--- START ---
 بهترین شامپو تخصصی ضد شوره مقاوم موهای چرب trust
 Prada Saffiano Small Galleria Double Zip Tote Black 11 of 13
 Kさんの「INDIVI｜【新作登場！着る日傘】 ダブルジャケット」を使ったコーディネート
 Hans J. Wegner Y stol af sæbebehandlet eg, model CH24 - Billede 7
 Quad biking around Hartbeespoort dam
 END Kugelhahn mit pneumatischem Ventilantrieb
--- END ---
--- START ---
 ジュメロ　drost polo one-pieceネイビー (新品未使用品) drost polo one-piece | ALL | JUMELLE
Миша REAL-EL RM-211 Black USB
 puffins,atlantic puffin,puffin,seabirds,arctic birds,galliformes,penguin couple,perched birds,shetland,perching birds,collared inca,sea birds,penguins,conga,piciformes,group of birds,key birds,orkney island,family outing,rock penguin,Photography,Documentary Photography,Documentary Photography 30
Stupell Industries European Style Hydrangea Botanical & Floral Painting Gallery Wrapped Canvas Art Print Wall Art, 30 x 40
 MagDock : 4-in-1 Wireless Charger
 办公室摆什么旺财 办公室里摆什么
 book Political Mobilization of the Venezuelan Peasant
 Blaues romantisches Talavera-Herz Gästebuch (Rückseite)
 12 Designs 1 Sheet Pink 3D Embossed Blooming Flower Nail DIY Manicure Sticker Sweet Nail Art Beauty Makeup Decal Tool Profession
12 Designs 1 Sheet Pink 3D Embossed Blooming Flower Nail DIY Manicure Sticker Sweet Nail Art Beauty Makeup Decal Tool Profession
--- END ---
--- START ---
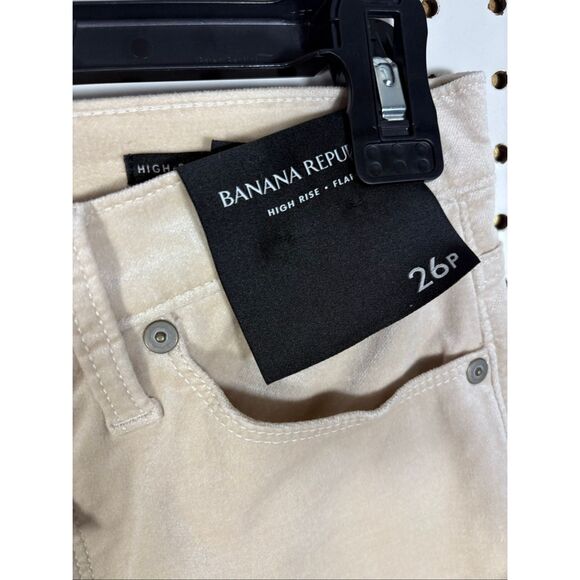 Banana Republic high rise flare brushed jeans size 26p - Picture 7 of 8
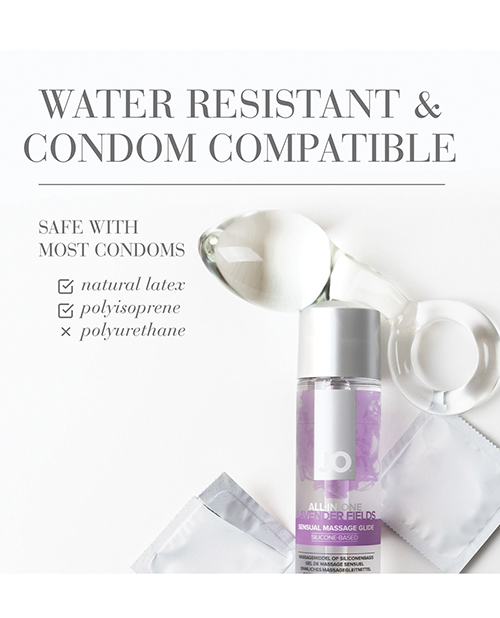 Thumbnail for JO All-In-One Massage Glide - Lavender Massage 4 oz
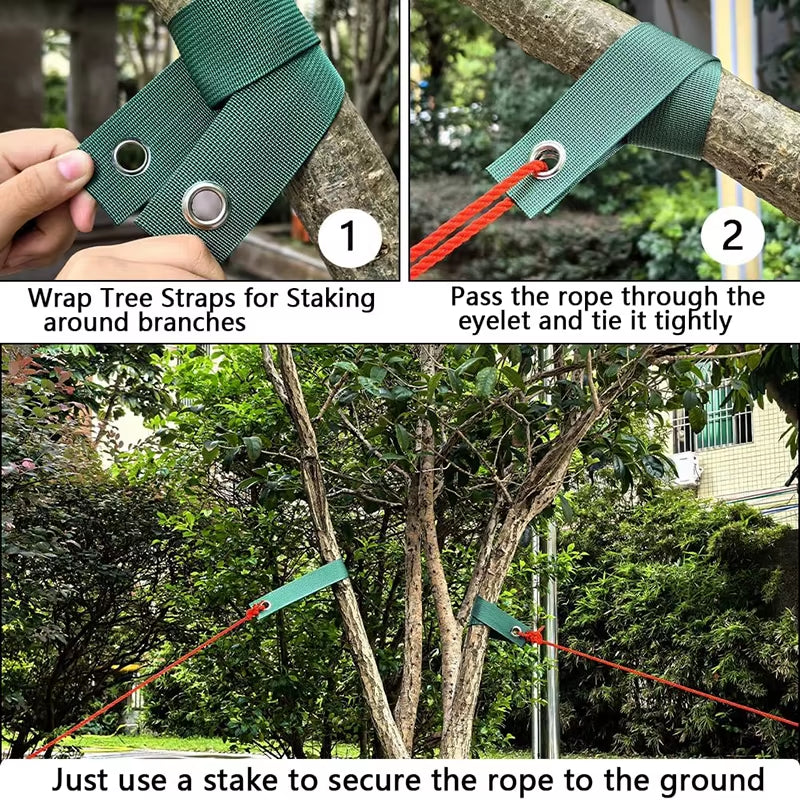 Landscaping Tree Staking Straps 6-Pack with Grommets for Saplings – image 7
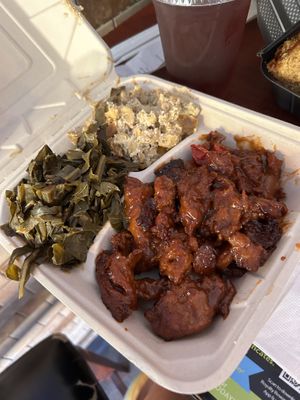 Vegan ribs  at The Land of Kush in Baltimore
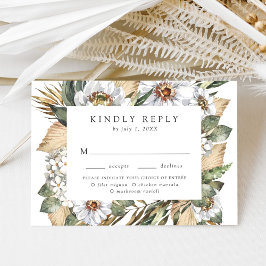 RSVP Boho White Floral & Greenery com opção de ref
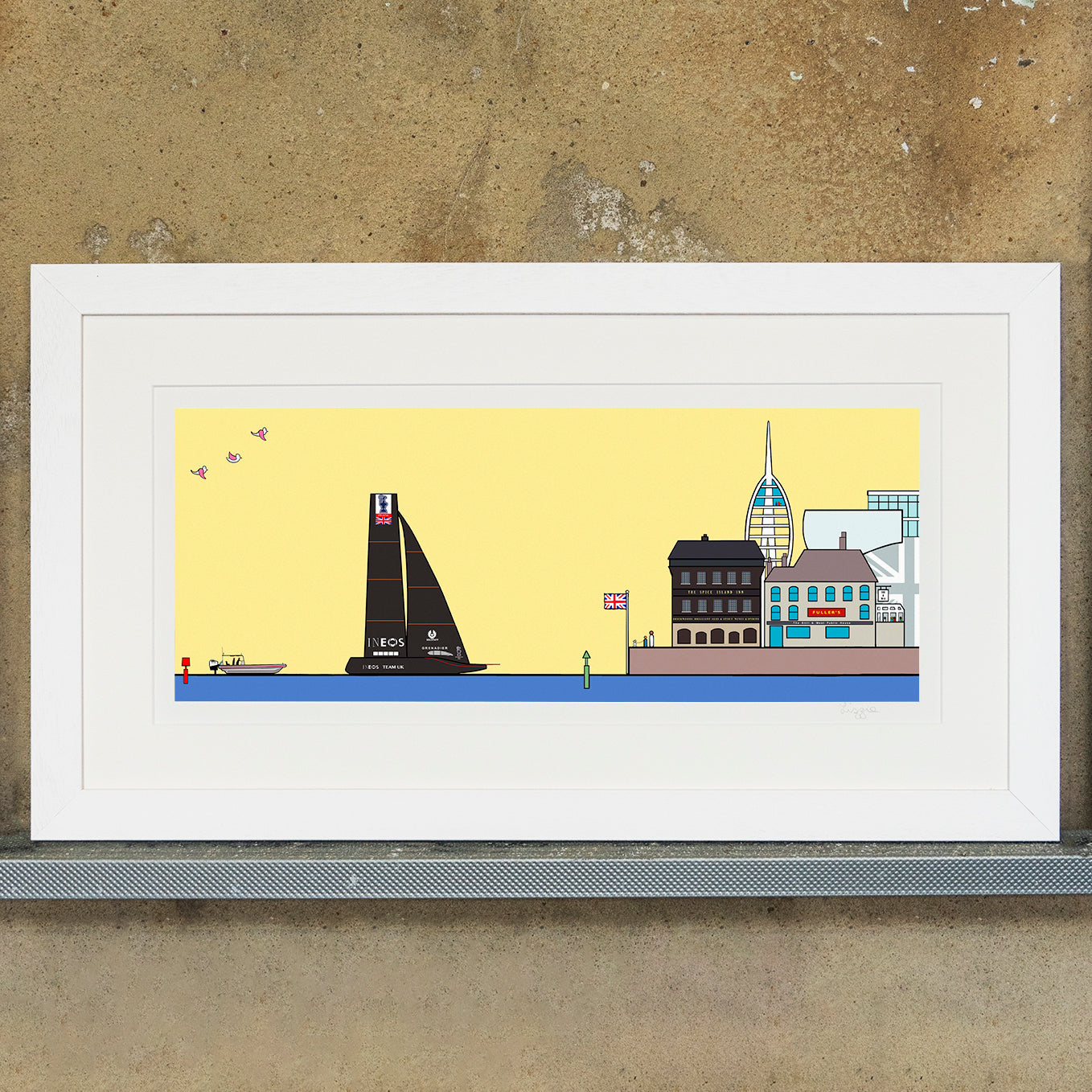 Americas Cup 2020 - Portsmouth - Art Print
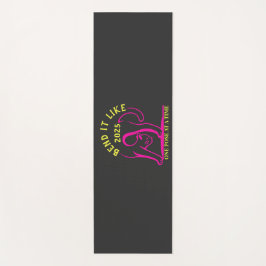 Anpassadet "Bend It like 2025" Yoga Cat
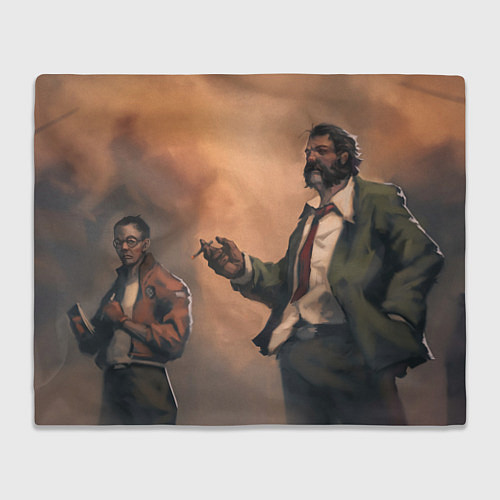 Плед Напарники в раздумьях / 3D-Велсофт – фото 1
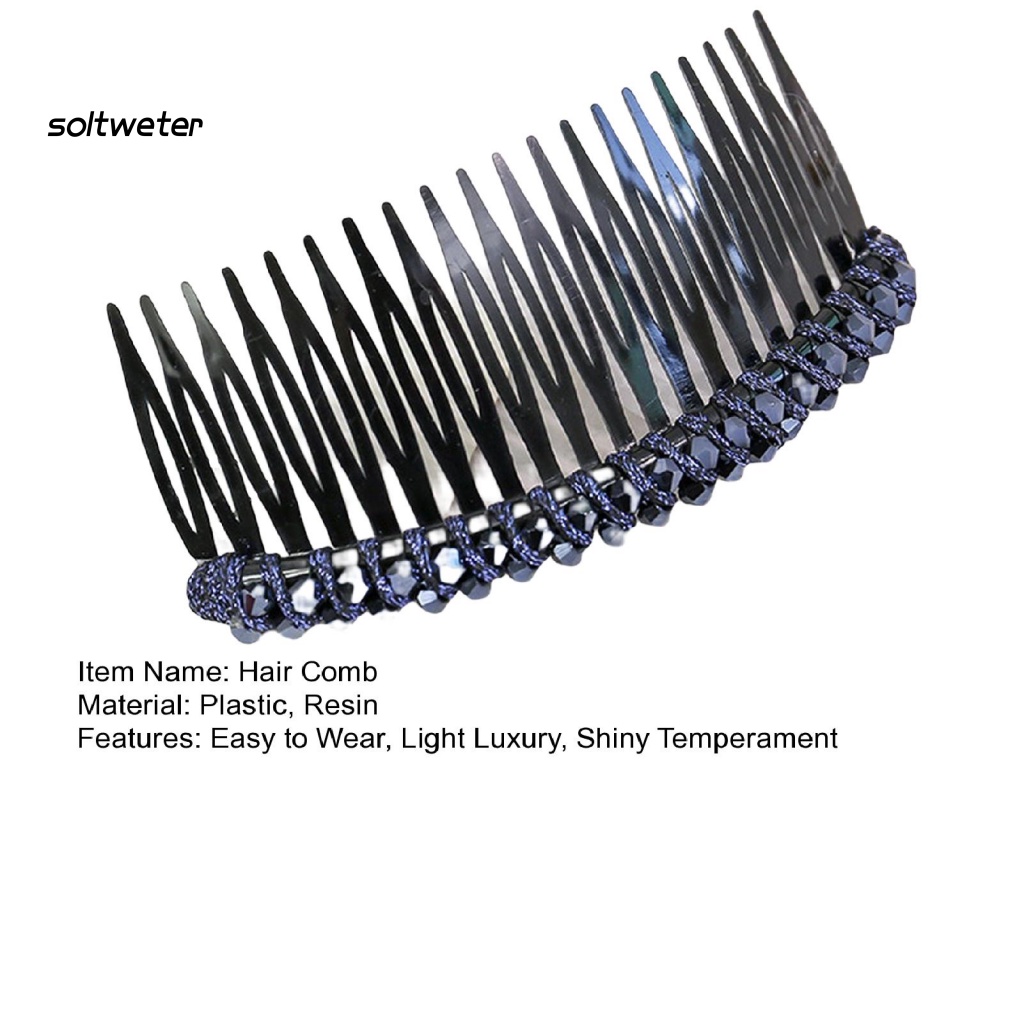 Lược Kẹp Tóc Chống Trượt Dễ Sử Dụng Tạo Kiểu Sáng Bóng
--- END ---
(Description of the task) Starting at the line that contains "Americas Cup 2020 - Portsmouth - Art Print" and ending at the line that contains "Lược Kẹp Tóc", transcribe the material above exactly, excluding pictures.

(Result for this task)
 Americas Cup 2020 - Portsmouth - Art Print
 Anpassadet "Bend It like 2025" Yoga Cat
 Плед Напарники в раздумьях / 3D-Велсофт – фото 1
 Lược Kẹp Tóc Chống Trượt Dễ Sử Dụng Tạo Kiểu Sáng Bóng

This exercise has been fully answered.